EPİ Dördüncü Döngü: 2025 Oturumu

Türkiye’nin dördüncü Evrensel Periyodik İncelemesi (EPİ), Birleşmiş Milletler İnsan Hakları Konseyi EPİ Çalışma Grubu’nun 49. Oturumu kapsamında 6 Mayıs 2025 tarihinde gerçekleştirildi. Bu oturumda Türkiye ile birlikte Kırgızistan, Kiribati, Gine, Lao Demokratik Halk Cumhuriyeti, İspanya, Lesotho, Kenya, Ermenistan, Gine-Bissau, İsveç, Grenada, Guyana ve Kuveyt’in insan hakları karnesi değerlendirildi.

İnceleme Öncesi Süreç

İnceleme sürecine hazırlık amacıyla sivil toplum kuruluşları, ulusal insan hakları kurumları ve uluslararası mekanizmalar tarafından kapsamlı katkılar sunuldu. Türkiye hakkında toplamda 126 rapor — 65’i tekil, 61’i ortak STÖ raporu — 11 Ekim 2024 itibarıyla BM İnsan Hakları Yüksek Komiserliği’ne iletildi. Bu raporlar arasında Türkiye İnsan Hakları ve Eşitlik Kurumu’nun (TİHEK) değerlendirmeleri ile Avrupa Konseyi ve AGİT birimlerinin katkıları da yer aldı.
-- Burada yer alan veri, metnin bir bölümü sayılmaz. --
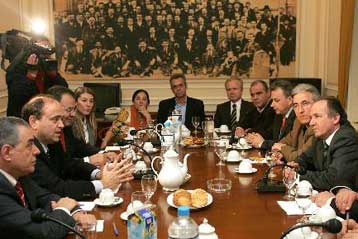 Η κυβέρνηση καλεί τους εργοδότες σε διάλογο μετά τις αντιδράσεις των συνδικάτων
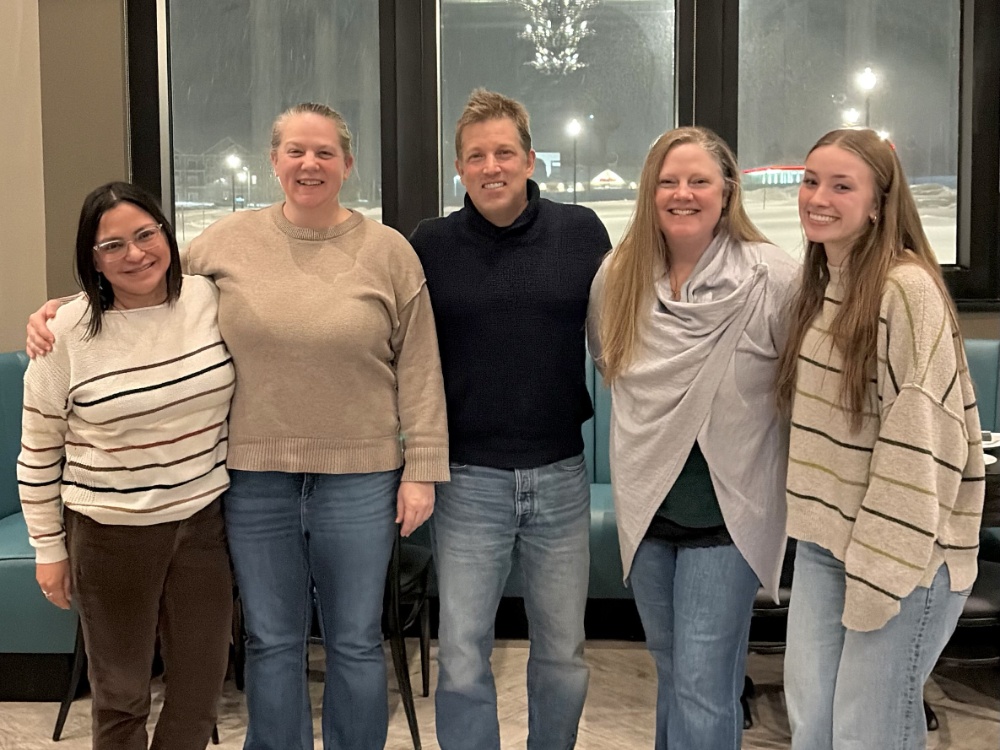 joshua erickson carouselimages 1b6ateamdinnerphoto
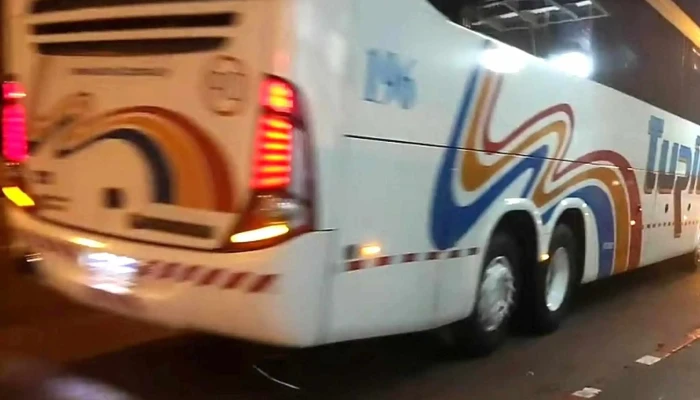 Plaza Cuba -  Direccion - Montevideo
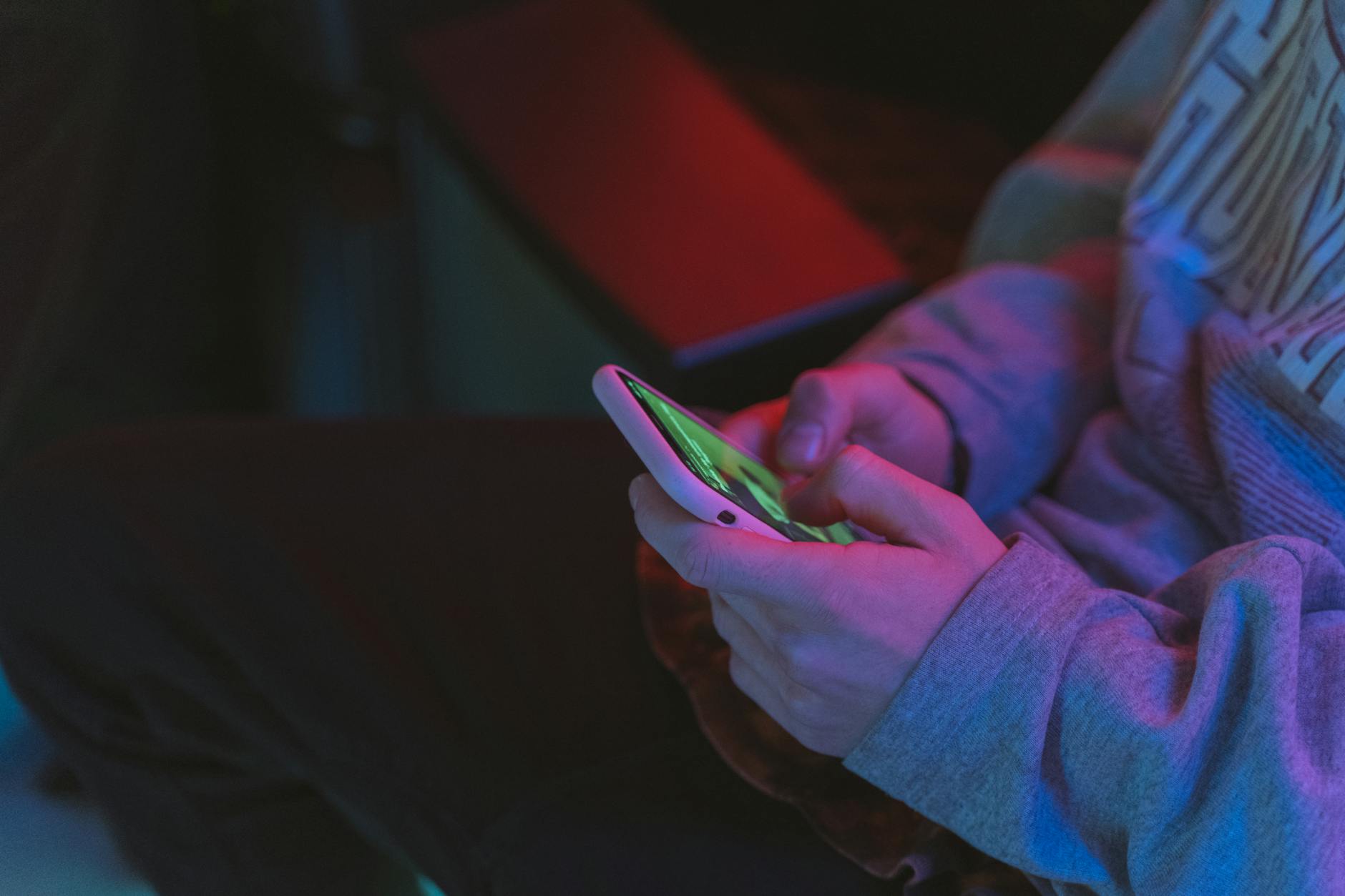 Hướng dẫn tải và cài đặt game đá gà online an toàn trên điện thoại.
Bu belgeler temel alınarak BM İnsan Hakları Yüksek Komiserliği, 22 Ocak 2025’te STÖ katkılarını özetleyen 10 sayfalık “Paydaş Raporunu”, 4 Şubat 2025’te ise BM mekanizmalarının tavsiyelerini içeren 10 sayfalık “BM Raporunu” yayımladı.

Türkiye, kendi hazırladığı Ulusal Raporu belirlenen süre içinde sunmuş ve bu belge 10 Şubat 2025 tarihinde kamuoyuna açıklanmıştır (rapora erişim bağlantısı).

İnceleme Öncesi Sorular

İnceleme öncesinde, 9 BM üyesi ülke Türkiye’ye yönelik toplam 27 yazılı soru sundu. Bu sorular, insan hakları standartlarına uyum, kadınların ve LGBTI+ bireylerin korunması, yargı bağımsızlığı, ifade özgürlüğü, barışçıl toplanma hakkı, çevre hakları, çocuk hakları, mülteci hakları ve uluslararası sözleşmelere taraf olunması gibi geniş bir tematik yelpazeyi kapsıyordu.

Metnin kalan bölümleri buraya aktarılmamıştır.